O que são afinal estes mupis digitais? Tablets gigantes, telemóveis, réplicas do que já trazemos no bolso mas que se nos metem à frente numa “escala grotesca”, com mais de dois metros de altura, como porteiros com que agora esbarramos nos pontos mais concorridos da cidade. Mas este é amigo, chama-se Tomi. Já havia 34 espalhados por 19 estações do metropolitano, como Baixa-Chiado, Marquês de Pombal ou S. Sebastião. Através de ecrãs tácteis, estes meninos de duas faces, apresentam de um lado os conteúdos publicitários, e do outro, o tal lado supostamente mais simpático, com “tudo o que é preciso saber para conhecer a cidade: agenda cultural, notícias, onde comer ou fazer compras, que monumentos visitar, como se deslocar, ou até tirar uma selfie”. Esta informação é a mensagem que a empresa passa e os órgãos de comunicação veicularam sem qualquer apreciação crítica. O objectivo de qualquer empresário de sucesso hoje não pode deixar de ser conquistar o mundo, e José Agostinho, diretor-executivo da TomiWorld – a “primeira rede urbana de informação interactiva” em Portugal – assumiu que esperava ver o país, de norte a sul, “cheio de Tomis”.

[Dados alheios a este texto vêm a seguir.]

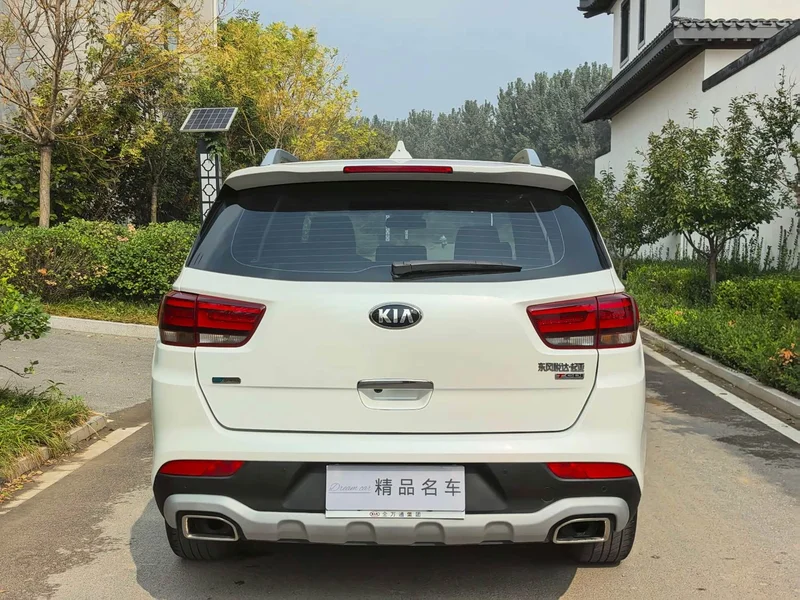 Kia KX7 — фото 5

Estes monólitos, como monumentos prenunciando uma nova era que já pontua as zonas mais movimentadas de Lisboa, não só não encontraram resistência, mas parecem ter-se integrado na movimentação urbana como se fosse até desejável que ali estivessem. É para suprir este vazio crítico que surge um filme como “Espaço Público”. Não fugindo à categoria do documentário, mas longe do que resulta normalmente de uma reportagem jornalística, esta reflexão da responsabilidade de Lucas Manarte e Bernardo Ferro está mais próxima da condição do ensaio. De resto, o próprio texto se constrói a partir de excertos de autores capitais das ciências sociais como Theodor W. Adorno, Pierre Bourdieu e Jean Baudrillard.
Este “filme-ensaio” de meia-hora terá a sua ante-estreia amanhã, às 21h30 na Cinemateca de Lisboa, numa sessão que contará com a presença de Manarte e Ferro e que, após a projeção, será seguida de um debate no qual participarão o ensaísta José Bragança de Miranda e o crítico literário António Guerreiro.
Num trabalho em que a imagem surge na dupla condição de evidência e ilustração, são as palavras que assumem preponderância, como “instrumento e matéria do pensar em acelerada erosão”, segundo destacam os autores no texto de apresentação do filme. Se não se pode falar propriamente numa obra que tenha como fito explorar as possibilidades técnicas ou os valores estéticos e artísticos da linguagem cinematográfica, aquilo com que o espectador se confronta é com uma eficaz denúncia de um quadro de situações aparentemente benignas mas que apontam afinal para a possibilidade do espaço que pertence a todos estar a saque por privados que camuflam as suas actividades lucrativas de uma condição benemérita.
O filme-ensaio transforma-se assim na prática de um “gesto de combate de ideias”, e se podemos sentir-nos mais ou menos impressionados, em maior ou menor concordância com a tese que nos é apresentada pelos autores, o certo é que se trata de um trabalho despido de quaisquer artifícios para nos embevecer, segurar a nossa atenção, resulta formidavelmente indo “direto ao assunto, porque a ‘marcha cumulativa de informação’ não nos permite mais delongas”. Este primeiro filme de Lucas Manarte e Bernardo Ferro coloca-nos de sobreaviso quanto a uma mudança profunda operada no espaço público: “Onde ontem havia polícias com cavalos e cassetetes, há hoje câmaras e telefones. Se antes se podia combater com multidões em marcha por uma avenida, hoje o combate é pela informação.”